Why do you want an anonymous identity on the Web? So you can avoid answering for what you say or do. Otherwise you wouldn’t need this. Last I looked, some Internet service providers offered subscribers the chance at five different identities, perfect for all but the most advanced cases of split personalities.
As daily experiences on the highways prove, there is a little beast in most of us, maybe all of us. In some, it rages hot. Anonymity, in the car or on the Internet highways, only encourages us to act on our worst impulses. Anonymous Web users can send death threats, invite illicit liaisons, masquerade and clutter the world with blather and slanders.
Here and there, a few plot crimes.
Not only are privacy and anonymity different things, they often conflict. Just look what a mess anonymous people make of public restrooms, spoiling things for the next person who needs a little privacy. Your ability to sound your way across the Web anonymously means that you can harass someone else and intrude on their time without being answerable. By what sensible measure can this be defined by a word so noble as “privacy”?
The creative geniuses who have given us the Web still insist that anonymity is one of its cornerstones. If so, the foundation is wormy. The longer that Web-heads insist on anonymity, the more the credibility and usefulness of their creation will be undermined. Already, one of the first lessons taught in middle-school computer labs is to regard everything on the Web as you might a puff adder apt to bite you at any moment.
But without a place to hide, you ask, what would happen to citizens in countries where freedom of speech is a crime? I’ll grant you the argument. But I still believe that revolutions are started by the brave, not the timid.
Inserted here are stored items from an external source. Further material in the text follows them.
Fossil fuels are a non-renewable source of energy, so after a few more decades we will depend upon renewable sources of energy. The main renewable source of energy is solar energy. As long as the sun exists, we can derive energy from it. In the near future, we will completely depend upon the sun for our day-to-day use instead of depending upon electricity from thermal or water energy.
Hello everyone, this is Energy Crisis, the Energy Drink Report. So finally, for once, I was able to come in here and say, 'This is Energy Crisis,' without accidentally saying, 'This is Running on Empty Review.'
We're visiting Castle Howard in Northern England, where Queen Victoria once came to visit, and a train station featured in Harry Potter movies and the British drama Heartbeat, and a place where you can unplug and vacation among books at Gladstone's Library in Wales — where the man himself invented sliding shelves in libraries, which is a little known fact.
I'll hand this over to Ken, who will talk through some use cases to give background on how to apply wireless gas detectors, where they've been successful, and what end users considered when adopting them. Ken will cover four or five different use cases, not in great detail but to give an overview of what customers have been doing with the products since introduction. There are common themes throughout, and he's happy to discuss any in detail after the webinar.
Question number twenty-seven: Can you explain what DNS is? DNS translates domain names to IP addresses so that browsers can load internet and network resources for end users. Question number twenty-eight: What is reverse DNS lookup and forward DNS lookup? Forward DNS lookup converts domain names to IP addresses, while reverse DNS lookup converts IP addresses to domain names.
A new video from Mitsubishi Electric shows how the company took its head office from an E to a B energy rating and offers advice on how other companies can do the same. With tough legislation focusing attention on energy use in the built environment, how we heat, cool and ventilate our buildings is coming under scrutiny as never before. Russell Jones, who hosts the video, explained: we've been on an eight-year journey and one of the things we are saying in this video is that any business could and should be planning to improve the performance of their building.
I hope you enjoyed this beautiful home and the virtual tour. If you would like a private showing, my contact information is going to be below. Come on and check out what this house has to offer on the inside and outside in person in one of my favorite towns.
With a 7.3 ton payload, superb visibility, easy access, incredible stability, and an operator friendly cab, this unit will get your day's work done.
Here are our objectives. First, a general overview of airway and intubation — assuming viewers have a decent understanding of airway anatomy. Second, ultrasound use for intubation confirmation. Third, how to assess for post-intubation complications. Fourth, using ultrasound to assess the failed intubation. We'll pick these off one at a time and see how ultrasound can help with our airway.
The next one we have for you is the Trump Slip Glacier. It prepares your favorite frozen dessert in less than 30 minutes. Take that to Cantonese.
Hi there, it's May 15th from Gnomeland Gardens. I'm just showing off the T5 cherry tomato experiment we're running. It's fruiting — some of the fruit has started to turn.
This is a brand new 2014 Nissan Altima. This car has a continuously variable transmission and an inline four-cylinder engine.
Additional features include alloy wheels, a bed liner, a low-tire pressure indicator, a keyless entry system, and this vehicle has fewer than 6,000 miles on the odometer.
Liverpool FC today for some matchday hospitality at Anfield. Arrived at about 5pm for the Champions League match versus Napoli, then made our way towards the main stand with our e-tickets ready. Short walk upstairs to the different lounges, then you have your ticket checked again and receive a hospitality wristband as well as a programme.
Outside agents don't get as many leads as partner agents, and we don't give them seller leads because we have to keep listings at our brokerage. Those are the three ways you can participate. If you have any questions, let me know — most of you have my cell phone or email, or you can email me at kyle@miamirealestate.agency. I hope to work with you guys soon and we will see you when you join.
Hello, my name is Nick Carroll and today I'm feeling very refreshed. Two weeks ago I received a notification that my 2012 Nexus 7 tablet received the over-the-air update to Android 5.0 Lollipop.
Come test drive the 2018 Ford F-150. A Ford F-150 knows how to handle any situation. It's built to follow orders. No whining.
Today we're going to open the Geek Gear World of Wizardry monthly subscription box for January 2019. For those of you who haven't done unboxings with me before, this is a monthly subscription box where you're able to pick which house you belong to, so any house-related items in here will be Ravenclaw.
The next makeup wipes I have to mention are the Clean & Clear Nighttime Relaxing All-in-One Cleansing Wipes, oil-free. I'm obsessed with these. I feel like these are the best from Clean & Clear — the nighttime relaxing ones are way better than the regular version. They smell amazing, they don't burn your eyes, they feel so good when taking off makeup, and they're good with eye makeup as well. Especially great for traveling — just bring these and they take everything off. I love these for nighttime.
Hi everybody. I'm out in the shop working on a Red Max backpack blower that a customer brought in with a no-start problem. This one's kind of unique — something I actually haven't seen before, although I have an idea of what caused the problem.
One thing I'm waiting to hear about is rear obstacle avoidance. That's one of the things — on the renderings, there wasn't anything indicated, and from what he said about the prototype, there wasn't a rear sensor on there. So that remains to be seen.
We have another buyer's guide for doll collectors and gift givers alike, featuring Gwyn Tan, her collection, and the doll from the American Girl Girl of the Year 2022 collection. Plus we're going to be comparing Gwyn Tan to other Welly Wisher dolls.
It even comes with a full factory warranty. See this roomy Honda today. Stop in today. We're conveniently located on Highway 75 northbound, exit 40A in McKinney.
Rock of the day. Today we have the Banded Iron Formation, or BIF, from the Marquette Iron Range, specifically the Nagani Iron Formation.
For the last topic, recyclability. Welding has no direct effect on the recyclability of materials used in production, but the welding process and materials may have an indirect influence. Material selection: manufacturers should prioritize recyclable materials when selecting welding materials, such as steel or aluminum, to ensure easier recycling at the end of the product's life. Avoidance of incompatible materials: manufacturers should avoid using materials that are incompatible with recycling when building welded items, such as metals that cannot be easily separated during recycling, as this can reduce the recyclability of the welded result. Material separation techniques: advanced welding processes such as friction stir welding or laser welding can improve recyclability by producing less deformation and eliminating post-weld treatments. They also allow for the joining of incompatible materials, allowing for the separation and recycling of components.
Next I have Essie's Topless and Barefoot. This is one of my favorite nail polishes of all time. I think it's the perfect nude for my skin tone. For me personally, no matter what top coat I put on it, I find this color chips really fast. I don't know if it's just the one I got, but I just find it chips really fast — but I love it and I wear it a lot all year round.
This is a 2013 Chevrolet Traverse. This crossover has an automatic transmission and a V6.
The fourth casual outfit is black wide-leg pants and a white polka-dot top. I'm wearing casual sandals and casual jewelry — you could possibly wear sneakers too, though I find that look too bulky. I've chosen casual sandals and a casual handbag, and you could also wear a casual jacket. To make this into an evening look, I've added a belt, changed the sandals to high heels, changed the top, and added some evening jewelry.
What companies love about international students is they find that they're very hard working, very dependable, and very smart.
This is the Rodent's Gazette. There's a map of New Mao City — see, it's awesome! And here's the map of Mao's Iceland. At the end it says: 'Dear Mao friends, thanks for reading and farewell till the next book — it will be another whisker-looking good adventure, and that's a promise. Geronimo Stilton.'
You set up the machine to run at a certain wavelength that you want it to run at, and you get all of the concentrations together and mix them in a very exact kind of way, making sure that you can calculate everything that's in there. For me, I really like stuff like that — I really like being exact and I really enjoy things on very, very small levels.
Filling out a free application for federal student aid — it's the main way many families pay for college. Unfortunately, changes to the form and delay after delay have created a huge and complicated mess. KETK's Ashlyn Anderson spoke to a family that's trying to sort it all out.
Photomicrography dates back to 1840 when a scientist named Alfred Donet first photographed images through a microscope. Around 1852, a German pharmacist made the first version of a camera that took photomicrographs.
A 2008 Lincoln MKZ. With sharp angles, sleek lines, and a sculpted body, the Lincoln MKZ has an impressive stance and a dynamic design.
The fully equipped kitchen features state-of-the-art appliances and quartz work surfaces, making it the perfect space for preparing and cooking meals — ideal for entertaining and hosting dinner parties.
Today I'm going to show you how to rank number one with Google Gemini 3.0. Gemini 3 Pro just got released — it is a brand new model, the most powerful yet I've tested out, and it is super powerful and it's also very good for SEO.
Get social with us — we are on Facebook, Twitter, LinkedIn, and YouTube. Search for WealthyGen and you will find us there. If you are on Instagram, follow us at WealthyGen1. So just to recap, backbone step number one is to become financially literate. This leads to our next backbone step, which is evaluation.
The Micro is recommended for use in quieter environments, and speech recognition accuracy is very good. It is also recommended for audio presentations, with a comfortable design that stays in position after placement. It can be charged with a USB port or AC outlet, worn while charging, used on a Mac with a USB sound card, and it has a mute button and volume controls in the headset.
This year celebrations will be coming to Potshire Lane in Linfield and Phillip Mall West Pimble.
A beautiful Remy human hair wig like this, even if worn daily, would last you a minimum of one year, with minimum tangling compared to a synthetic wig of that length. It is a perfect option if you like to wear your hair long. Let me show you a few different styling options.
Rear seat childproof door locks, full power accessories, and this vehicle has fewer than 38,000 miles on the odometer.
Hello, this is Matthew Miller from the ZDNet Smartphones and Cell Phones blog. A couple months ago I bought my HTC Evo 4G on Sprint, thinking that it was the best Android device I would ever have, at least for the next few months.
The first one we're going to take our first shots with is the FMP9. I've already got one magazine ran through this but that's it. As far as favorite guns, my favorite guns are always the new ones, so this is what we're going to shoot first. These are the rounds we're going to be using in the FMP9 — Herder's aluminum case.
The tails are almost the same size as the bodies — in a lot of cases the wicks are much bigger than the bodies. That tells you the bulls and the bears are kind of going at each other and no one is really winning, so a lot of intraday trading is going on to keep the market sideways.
I acknowledge: My own hands are not entirely clean on these matters. The newspaper business trades on anonymous sources. I’ve relied on them myself, though I think they’ve become too commonplace. But such sources are not a cornerstone of the paper you hold in your hand. Anonymous sources are not presented to you without a writer and an institution putting their reputations on the line. Newspapers still answer to the laws of libel and to the free-market imperatives of trust.
None of this is the case with anonymity on the Web. So instead of worrying ourselves silly about ways to protect these few who are afraid to stand up for their words and actions, we should be going in the other direction: making it harder to be anonymous, marginalizing those who try. We may never humanize the automobile, but we can the future by tearing down those barriers that shield us from each other and tempt us to be our worst.